Acontece que, além de uma grande tradição nacional, El Ciclón (como é conhecido) tem uma torcida pra lá de apaixonada. Torcida essa que deveria servir de exemplo a todo o mundo.
Digo isso porque, semana passada, Buenos Aires parou. Parou como se tivesse sido atingida por um ciclone.
Na ocasião, mais de 15 mil pessoas marcharam em direção à câmara legislativa da cidade, bloqueando trânsito e tudo mais o que estivesse no caminho.
Era a torcida do San Lorenzo.
E a manifestação não era uma festa, uma comemoração de um título. Era um ato político.
Um ato que tinha a ver, ao mesmo tempo, com a História do clube e com a tenebrosa História da ditadura militar argentina. Porque ambas se cruzam, quando pensamos no atual estádio do Ciclón: o Nuevo Gasometro.
Sim, o estádio não é chamado de “nuevo” (novo) à toa. Houve um tempo em que existiu um Viejo (velho) Gasometro.
Acontece que, durante o “governo” do ditador Jorge Videla – um dos mais sangrentos da América Latina – o antigo estádio de Almagro deixou de existir.
Sobre o pretexto de construir moradias populares, Videla decretou a demolição da arena, conhecida como El Wembley Porteño.
Meses depois, ao invés de casas, um supermercado Carrefour foi erguido no local.
Onde havia um gramado histórico, palco do Sul-Americano de 29 e de jogos épicos, foram colocadas prateleiras e caixas.
Só que a memória do Viejo Gasometro nunca deixou de existir. Tanto é que, em uma de suas andanças cotidianas, o escritor argentino Osvaldo Soriano achou, no supermercado, o ex-atacante Sanfilippo, artilheiro nacional de 1958 a 61.
E segundo Soriano, assim se deu o encontro: “Fui com José Sanfilippo, o herói da minha infância. (…) De repente, quando nos aproximamos das caixas, Sanfilippo abre os braços e me diz: ‘E pensar que bem dali meti um gol de bate-pronto no Roma, naquela partida contra o Boca’ (…) De repente corre como um coelho apesar do terno azul e dos sapatos lustrosos: ‘deixei-a quicar e plum!’. Dispara com a esquerda. Nos viramos todos para olhar na direção da caixa, onde há trinta e tantos anos estava o gol, e parece a todos nós que a bola entra por cima, justamente onde estão as pilhas para rádio e as lâminas de barbear. Sanfilippo levanta os braços para festejar. Os fregueses e as caixas quase arrebentam as mãos de tanto aplaudir. Quase comecei a chorar.”

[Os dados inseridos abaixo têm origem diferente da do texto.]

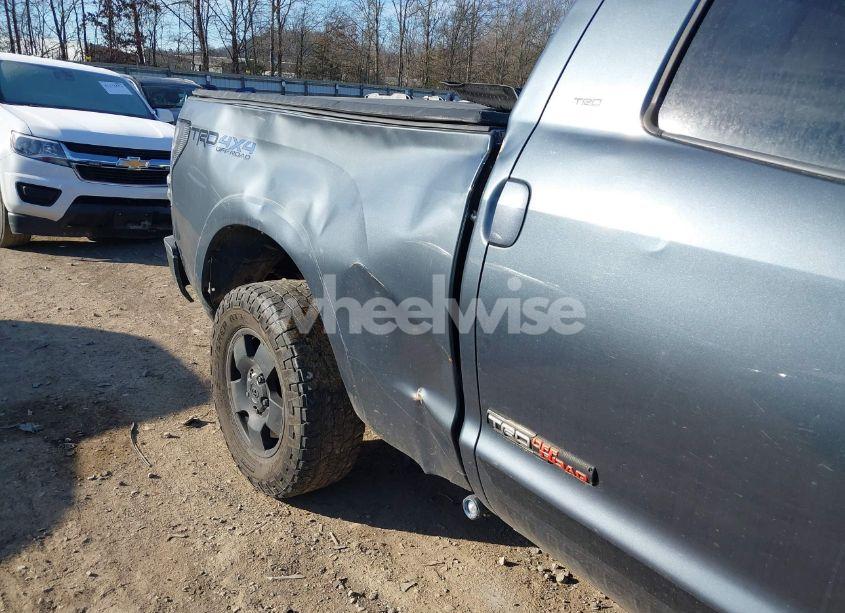 Photo 6 of 2007 Toyota Tundra SR5 5.7L V8 (VIN 5TBBV54187S456970)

Emocionante, a história revela, ao mesmo tempo, o amor da torcida do Ciclón pelo velho estádio, e a crueldade que foi a demolição do mesmo.
Talvez por isso, a mesma torcida que aplaudiu Nene Sanfilippo na década de 60, decidiu ir às ruas exigir a acatação do projeto de lei do deputado Gonzalo Ruanova, que propõe a devolução do antigo terreno ao San Lorenzo, e o repasse do terreno do Nuevo Gasometro ao governo.
Sem dúvida, uma alternativa mais do que razoável, dada a aversão que os próprios torcedores do clube tem pelo seu atual estádio e por tudo o que ele representa.
Só que claro, como sempre, resta aguardar o desenrolar dos fatos. Mas os “hínchas” do Ciclón fizeram sua parte. E que sirva de exemplo ao mundo inteiro.